In Peyote Religion, Omer Stewart provides an overview of the History of Peyote in the Americas. He opens by describing the plant and its botanical properties. The author also provides insight into the lives and culture of the peoples from which Peyote use originated.  Omer then goes on to trace the roots and spread of Peyotism in the United States throughout Oklahoma and the Southwest in the Kiowa, Comanche, and Apache tribes. The book also contains sections on the legal implications of the spread of peyote use and the development of Peyote Religion.
Secondary Sources:
1. Chuchiak IV, John F, editor. The Inquisition in New Spain, 1536-1820: A Documentary History. 1st ed. Baltimore: Johns Hopkins University, 2012. 320-321. Print.
This book is an extensive work, which contains information pertaining to every aspect of the Mexican Inquisition, much of which is only tangential to the subject of my research. However, The small section on Peyotism included in the book contains a wealth of information relating the struggle of indigenous groups native to Mexico at the hands of agents of the Spanish Monarchy. It explains public perception at the time and gives accounts from historians of the day. It was useful in determining the specific struggles faced by Indians and Mexico specifically relating to governmental action.
2. Danver, Steven L. “Native American Church of North America.” ABC-CLIO: History and the Headlines. (accessed May 2, 2015)
This article by Steven Danver provides a concise description of the Native American Church. Danver explains the history of peyote use and how long its properties have been known. He also gives a description of the early opposition to its use. He further explains how knowledge of peyote transferred from one tribe to the next until finally being used by a multitude of plains cultures in the United States. The article chronicles the birth of the Native American Church as a response to the actions of the federal government of the United States and of several state governments. He closes by touching on the controversy that continues to this day.

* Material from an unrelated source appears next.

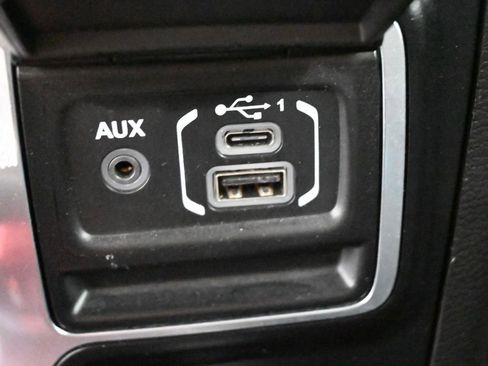 Used 2020 Jeep Wrangler Sport image 3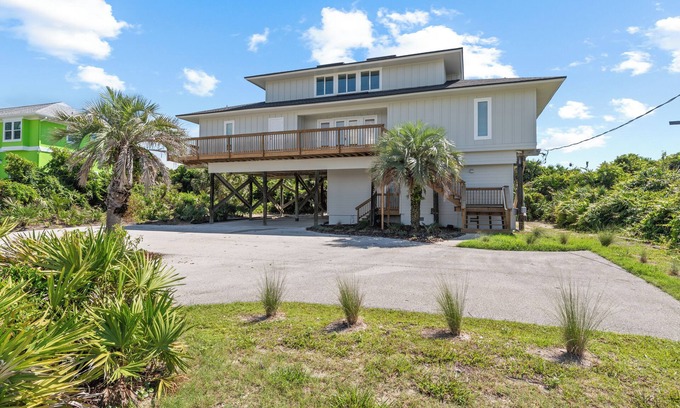 South Ponte Vedra Beach House | Hello Beach! 4 Bedroom + Loft Oceanfront with Large Deck - Stā Vacation Rentals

3. Danver, Steven, editor. 2013. Native Peoples of the World: An Encyclopedia of Groups, Cultures, and Contemporary Issues. 1st ed. New York: Routledge, 2013. 798-799. Print.
The article regarding peyote in this encyclopedia is brief, but it contains pertinent information regarding the issues of controversy in relation to peyote. The article describes the struggle faced by Native American peyote users even in the ealiest days of the European colonization of the Americas. It goes on to explain the evolution of peyote use into the twentieth century. Danver also provides the reader with details surrounding the legality of Peyotism over time. He works to explain the cultural and religious significance of peyote to indigenous peoples. He also mentions the organized movements that arose in response to the persecution and oppression of peyote users.
4. Franklin, Virgil and Jerry D. Patchen. “The Jurisprudence of Peyote in the United States,” The Entheogen Law Reporter Issue no. 5 (Winter 1994): 39-47, accessed May 2, 2015,
This article from the Entheogen Law Reporter provides an exceptionally concise account of the legality of peyote use in the United States. The authors provide the reader with the appropriate historical context needed to understand the legal implications of the peyote controversy in the United States. By putting laws into context and explaining their implications in the simplest terms possible, the authors provide a poignant account of the complicated legal aspects of peyote use in the United States. The article is authored so as to present and make clear the Native American struggle for the legitimacy of peyote use.